[Short descriptive text snippets]

**********

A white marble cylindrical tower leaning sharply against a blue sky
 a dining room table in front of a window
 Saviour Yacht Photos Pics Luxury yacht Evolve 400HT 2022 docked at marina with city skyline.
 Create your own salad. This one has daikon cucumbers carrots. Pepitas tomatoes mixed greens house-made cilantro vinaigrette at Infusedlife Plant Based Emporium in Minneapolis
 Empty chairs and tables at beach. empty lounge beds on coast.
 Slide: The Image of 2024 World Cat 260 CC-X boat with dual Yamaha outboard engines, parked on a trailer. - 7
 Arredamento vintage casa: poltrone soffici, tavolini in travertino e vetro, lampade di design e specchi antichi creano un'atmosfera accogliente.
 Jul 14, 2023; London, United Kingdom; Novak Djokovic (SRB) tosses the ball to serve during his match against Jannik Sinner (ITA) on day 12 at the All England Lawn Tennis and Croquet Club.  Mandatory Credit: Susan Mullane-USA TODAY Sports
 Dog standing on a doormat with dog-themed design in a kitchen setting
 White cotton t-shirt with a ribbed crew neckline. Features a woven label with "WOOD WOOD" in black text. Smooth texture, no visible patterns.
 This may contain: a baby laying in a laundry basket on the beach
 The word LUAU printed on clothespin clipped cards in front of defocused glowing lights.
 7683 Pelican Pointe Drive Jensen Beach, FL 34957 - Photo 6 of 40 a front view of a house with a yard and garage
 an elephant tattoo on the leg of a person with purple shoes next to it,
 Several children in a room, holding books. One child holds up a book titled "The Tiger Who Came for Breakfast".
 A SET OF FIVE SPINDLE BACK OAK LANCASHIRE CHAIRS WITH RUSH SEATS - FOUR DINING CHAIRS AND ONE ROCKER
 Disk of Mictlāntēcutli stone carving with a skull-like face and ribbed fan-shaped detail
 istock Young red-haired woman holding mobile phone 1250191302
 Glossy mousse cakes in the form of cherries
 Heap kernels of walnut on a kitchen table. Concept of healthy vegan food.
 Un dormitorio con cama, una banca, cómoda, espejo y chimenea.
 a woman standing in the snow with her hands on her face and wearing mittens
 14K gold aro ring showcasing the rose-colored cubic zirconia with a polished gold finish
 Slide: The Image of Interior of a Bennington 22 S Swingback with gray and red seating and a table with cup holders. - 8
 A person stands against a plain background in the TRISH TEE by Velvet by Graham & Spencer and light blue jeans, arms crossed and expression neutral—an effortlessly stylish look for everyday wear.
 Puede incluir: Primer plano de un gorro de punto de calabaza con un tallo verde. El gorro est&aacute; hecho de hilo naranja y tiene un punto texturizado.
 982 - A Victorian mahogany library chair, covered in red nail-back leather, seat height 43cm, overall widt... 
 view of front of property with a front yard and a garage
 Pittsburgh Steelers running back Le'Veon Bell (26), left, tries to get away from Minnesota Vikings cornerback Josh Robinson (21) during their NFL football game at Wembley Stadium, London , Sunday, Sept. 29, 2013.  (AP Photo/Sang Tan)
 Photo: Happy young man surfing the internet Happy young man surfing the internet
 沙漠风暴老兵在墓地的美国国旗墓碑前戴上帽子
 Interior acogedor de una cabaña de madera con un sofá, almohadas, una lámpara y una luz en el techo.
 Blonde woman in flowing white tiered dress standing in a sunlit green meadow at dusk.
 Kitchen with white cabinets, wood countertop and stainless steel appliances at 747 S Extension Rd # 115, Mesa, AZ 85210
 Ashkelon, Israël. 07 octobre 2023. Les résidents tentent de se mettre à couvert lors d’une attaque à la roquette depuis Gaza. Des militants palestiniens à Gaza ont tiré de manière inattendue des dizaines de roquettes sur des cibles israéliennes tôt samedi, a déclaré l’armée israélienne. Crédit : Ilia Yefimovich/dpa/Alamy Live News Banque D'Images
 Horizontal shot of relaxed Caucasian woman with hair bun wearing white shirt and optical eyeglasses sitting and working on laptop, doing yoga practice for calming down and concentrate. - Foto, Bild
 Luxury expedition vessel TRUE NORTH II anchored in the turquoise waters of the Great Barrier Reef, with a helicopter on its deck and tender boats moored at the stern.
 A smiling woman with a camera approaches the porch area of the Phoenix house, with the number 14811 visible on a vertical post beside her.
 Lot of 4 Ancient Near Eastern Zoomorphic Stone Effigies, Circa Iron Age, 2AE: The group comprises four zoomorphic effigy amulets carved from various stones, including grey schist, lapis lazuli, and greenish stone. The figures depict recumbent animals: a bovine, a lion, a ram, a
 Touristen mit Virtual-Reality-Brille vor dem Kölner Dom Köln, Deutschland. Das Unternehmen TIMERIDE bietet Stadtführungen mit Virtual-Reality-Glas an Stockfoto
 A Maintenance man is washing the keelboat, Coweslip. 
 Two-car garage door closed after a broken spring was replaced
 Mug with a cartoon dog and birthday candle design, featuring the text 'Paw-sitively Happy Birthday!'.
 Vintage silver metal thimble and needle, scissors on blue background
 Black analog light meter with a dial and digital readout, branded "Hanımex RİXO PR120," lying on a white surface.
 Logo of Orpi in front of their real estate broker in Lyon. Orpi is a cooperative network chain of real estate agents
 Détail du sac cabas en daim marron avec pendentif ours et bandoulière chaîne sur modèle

**********

__REQUIRED ACTION__
Every line above from the line with "A person stands" to the line with "Puede incluir: Primer" is wanted, ends included; write them out exactly and add no other line.

__EXERCISE RESPONSE__
 A person stands against a plain background in the TRISH TEE by Velvet by Graham & Spencer and light blue jeans, arms crossed and expression neutral—an effortlessly stylish look for everyday wear.
 Puede incluir: Primer plano de un gorro de punto de calabaza con un tallo verde. El gorro est&aacute; hecho de hilo naranja y tiene un punto texturizado.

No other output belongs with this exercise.